• Assignment: Please print the listing that follows word for word, but skip any pictures it holds.
----- Recorded data
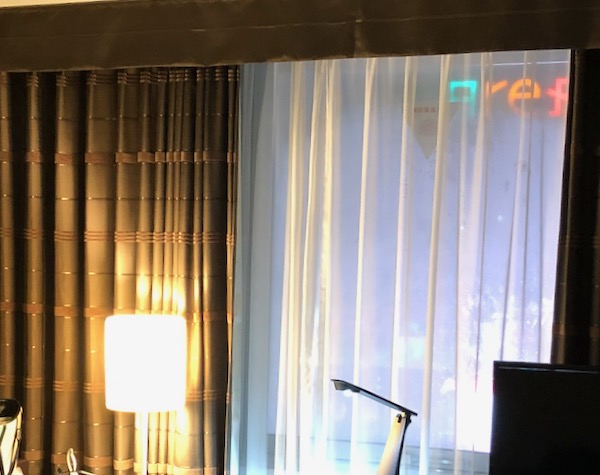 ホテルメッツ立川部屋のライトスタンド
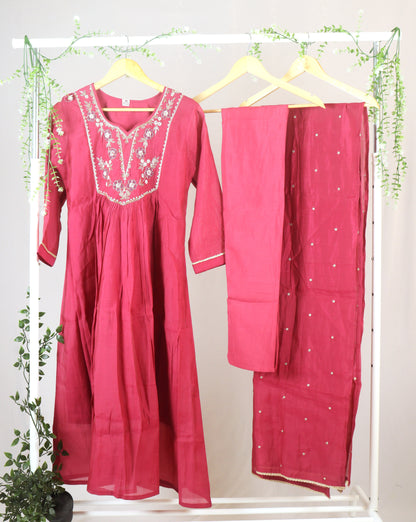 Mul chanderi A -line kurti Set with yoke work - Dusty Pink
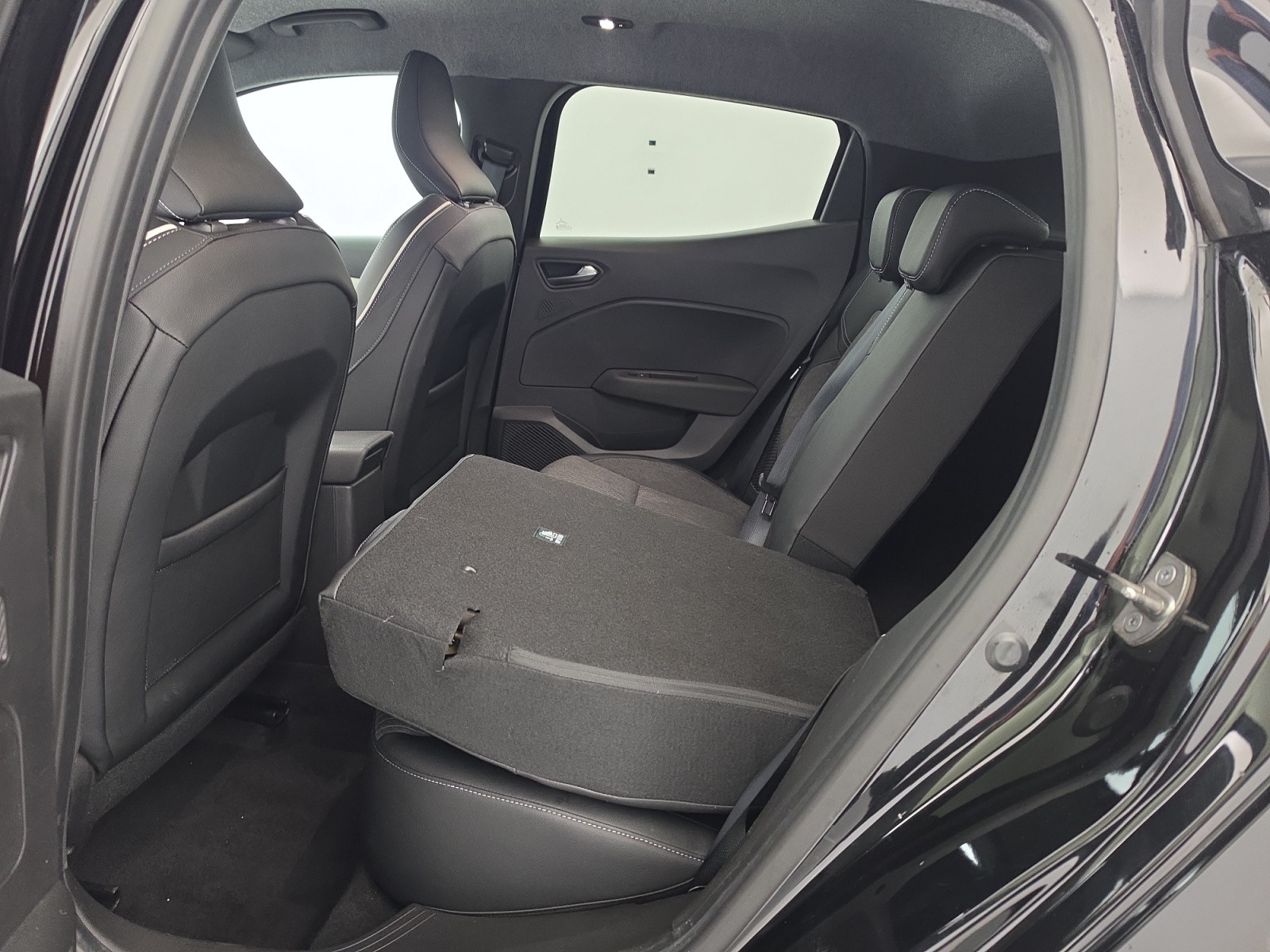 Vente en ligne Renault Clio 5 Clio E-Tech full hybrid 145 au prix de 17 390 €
----------
• Response for this exercise:
 ホテルメッツ立川部屋のライトスタンド
 Mul chanderi A -line kurti Set with yoke work - Dusty Pink
 Vente en ligne Renault Clio 5 Clio E-Tech full hybrid 145 au prix de 17 390 €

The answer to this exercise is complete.